Cobb takes a step forward, but is stopped by the Reverend’s glare and Wintry’s hand on his shoulder. “What’s he talkin’ about?”
“Your wife, I expect,” Hill says, with no emotion at all, then reaches forward and tilts the kid’s head up until their eyes meet. “Am I right?”
“We didn’t see her. She must have had her lights off. And if you don’t get your fucking hand off me, Preacher, I swear I’ll use every last ounce of my strength…to put you through the wall.”
As I’m listening, I picture Eleanor Cobb, hunched over her steering wheel, trying to look as small and inconspicuous as possible, afraid of being seen by anyone, even in the storm, lights turned off on a quiet road because she doesn’t imagine she’ll encounter another car, and doesn’t want to draw attention to herself if she does. But she hasn’t counted on a thief and his woman traveling on that same quiet road, pedal to the metal, eager to be clear of a town that reeks of death.
I lower my head. “Jesus.”
“Hang on, kid,” Cobb says, and his tone is both desperate and disbelieving. “You must be mistaken. She doesn’t come to get me. She never does.”
“She did tonight,” Hill says.
“No.”
“I took her wallet. Figured…with the state she was in…she wouldn’t need it. Saw her name…I’m sorry…you can have the money…I’m—”
I look up in time to see Cobb lunging for the kid, but Wintry’s got him in a firm hold, and all Cobb can do is struggle until the strength leaves him and he turns, embraces the big black man and weeps uncontrollably.
“Get him a drink and sit him down,” I tell Wintry, and he does. I’m surprised anyone is listening to me. On nights as wild as these, badges count for nothing.
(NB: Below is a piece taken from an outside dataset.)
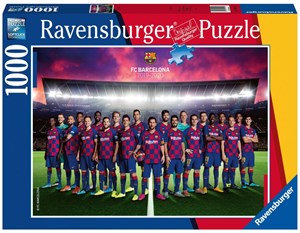 Picture of Puzzle 1000 FC Barcelona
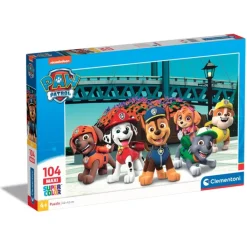 Clementoni Cartes|Paw Patrol - 104 pièces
All the fight has left Cobb.
Reverend Hill stands up and scratches his chin. He sighs heavily. “Sheriff,” he says. “Looks like you and I have a bit of a problem.”
Considering the amount of blood on the chair and the floor beneath him, I don’t reckon the kid has much time left. His face is the color of fresh snow and he’s propped up against the bar like a guy who’s had too much to drink and is trying to remember where the hell he’s found himself. And, aside from the drink part, maybe that’s exactly what he’s doing.
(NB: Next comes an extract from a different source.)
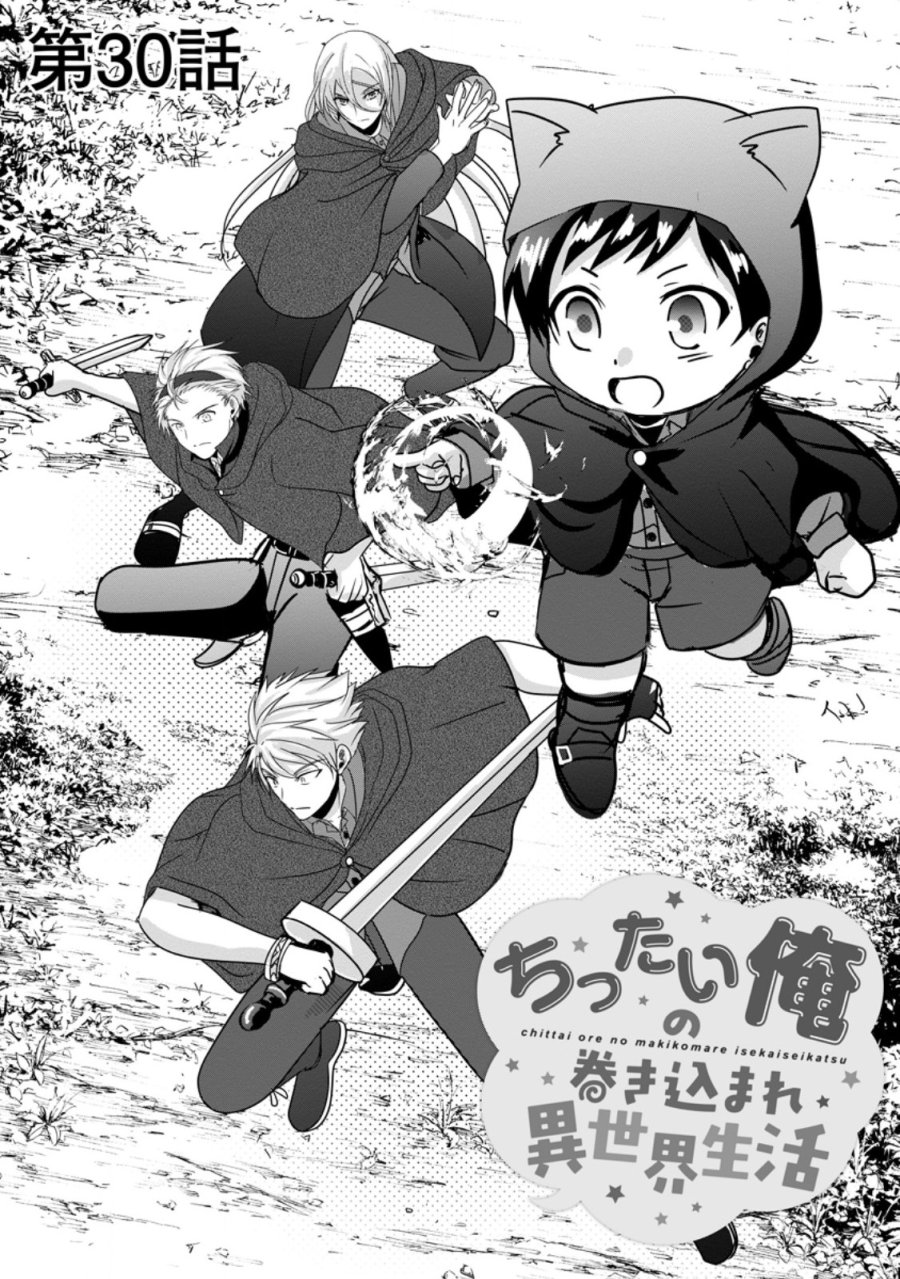 ちったい俺の巻き込まれ異世界生活 第30.1話 - Page 1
The girl on the bar turns her head. Her tears are silent. Seems all the fight has left her too. She closes her eyes, jerking occasionally and gasping as Flo and Gracie tend to her. “She’s goin’ to die if we don’t do somethin’,” Flo informs me, and it’s hardly a revelation, but the one man willing to do something is way past doing it now. It’s not like I can waltz up to Cobb and ask him to mend the people who killed his wife. That’s the saddest part of all. I doubt he’d have been all that worried if his gift allowed him to raise the dead. But it doesn’t. He can heal, that’s it, and only wounds, not diseases. And right now, I’m willing to bet Cobb’s second-guessing the limits of his power, wondering if it might work on his wife.
The priest turns to look at me. “You’ve got a job to do, Sheriff. Lucky for you, there’ll soon be one less victim to worry about. Your boy gets that one. It’s almost poetic, isn’t it?”
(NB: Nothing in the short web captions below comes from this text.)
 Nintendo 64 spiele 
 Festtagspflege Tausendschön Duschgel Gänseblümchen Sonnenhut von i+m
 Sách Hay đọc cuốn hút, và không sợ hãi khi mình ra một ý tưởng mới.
“What is it you want me to do, exactly?”
“You gonna just let me die?” Brody croaks. “I knew there was a reason this town stank.”
The Reverend shrugs. “No more than you were planning on doing all along. I want you to get in your truck and drive through town, fast as that piece of shit can carry you.”
“Might want to watch the profanity there, Reverend. It being the mark of an ignorant man an all.”
“Just do your job.”
“For what? The kid’s dying and—”
“Quit saying that, wouldya?” Brody interrupts.
“—his girl’s bleeding out on the bar.”
“True…” Hill shows his teeth. “But dying means they aren’t dead yet. I reckon if you work fast and get them in your truck, you can still take care of business. Hell, I’ll give you a break and just get you to take care of the girl.”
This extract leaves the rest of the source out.